Она чуть заметно приподняла чёрные брови, и он вспомнил, как обвивал ногами талию Пола тогда, в пруду, как приятно было, когда Пол крепко обнимал его в кровати. Вновь встретившись взглядом с Урсулой, он непостижимым образом ощутил, что это она вызвала два образа в его памяти.
– В глубине души ты Двуликий, – прошептала она, будто вручая тайный амулет. – С женщинами тебе проще, чем с мужчинами. Общаться, я имею в виду.
– Думаю, да.
– Они бессознательно доверяют тебе, потому что чувствуют – ты не такой, как другие мужчины.
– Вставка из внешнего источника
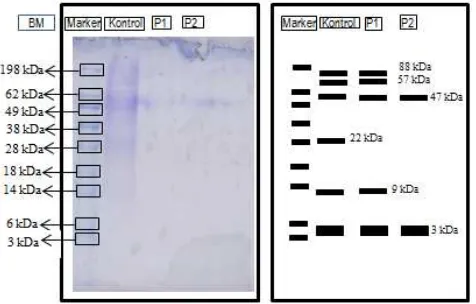 Gambar 1. Gambar Profil Protein Membran Spermatozoa Tikus (kontrol, perlakuan 1, perlakuan 2), (a) Gambar Hasil Elektroforesis SDS-PAGE (b) Zimogram Hasil Elektroforesis 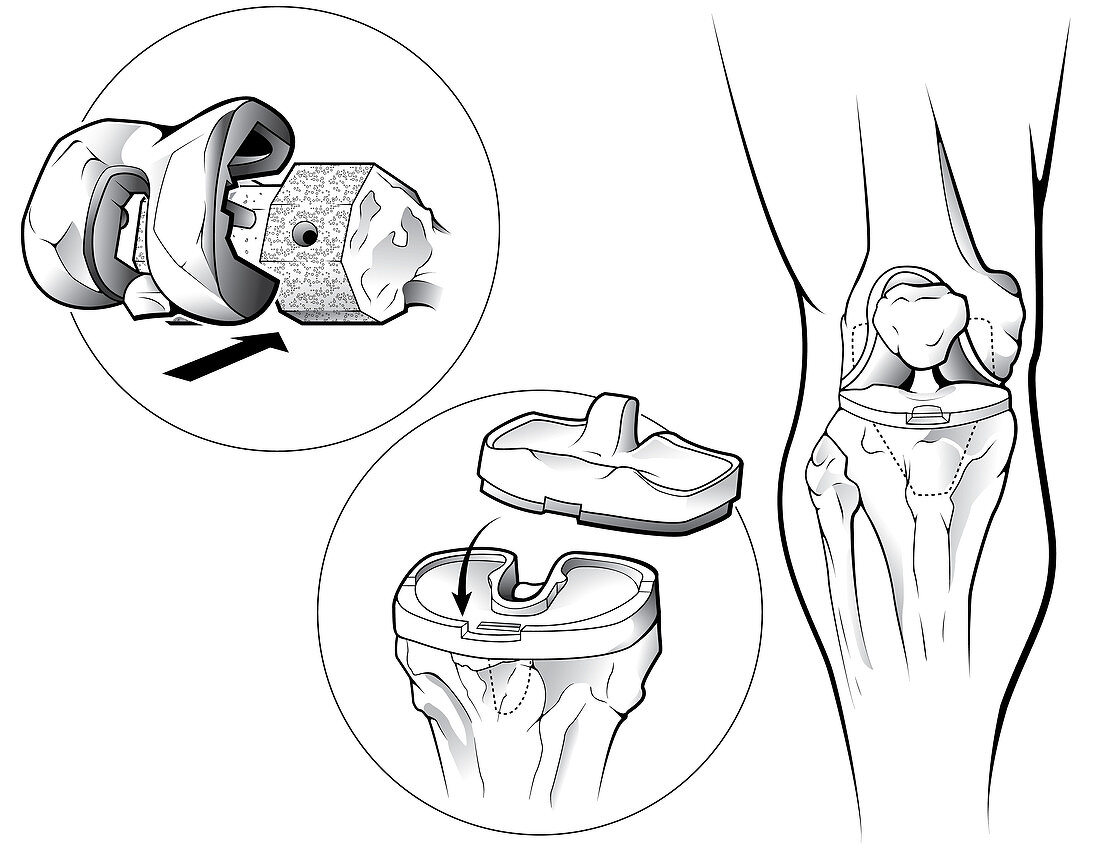 Total Knee Replacement (Prosthetic)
– Урсула, право, я не знаю…
– Я знаю, – это было утверждение. Вздохнув, Урсула добавила: – Это настоящая удача и настоящее проклятие. Ты сильнее других вот здесь, – кончиком указательного пальца она легонько постучала его по лбу, – но тебе постоянно приходится смотреть вдаль. Ты так много смотришь, что не успеваешь жить. Ты выбрал ивовые прутья, а не лук и стрелы, но никто не сказал, что нужно выбрать только одно.
– Не совсем понимаю, – признался Гарри. Его взгляд по-прежнему был прикован к уносившимся волнам. Словно читая его мысли, Урсула пробормотала:
– Тебе пора на сеанс.
Вот уже несколько дней сеансы у Гидеона никуда не продвигались. Что-то изменилось. Будь Гарри суеверным, он, пожалуй, решил бы, что Урсула наложила на него заклятие. Но как бы то ни было, он лишь смотрел и смотрел на реку, и успокаивающие слова Гидеона не оказывали на него ни малейшего действия.
– Ты противишься мне, Гарри, – укорял Гидеон.
– Простите. Я не хотел, – отвечал Гарри. – Может быть, виноват отдых и долгий сон.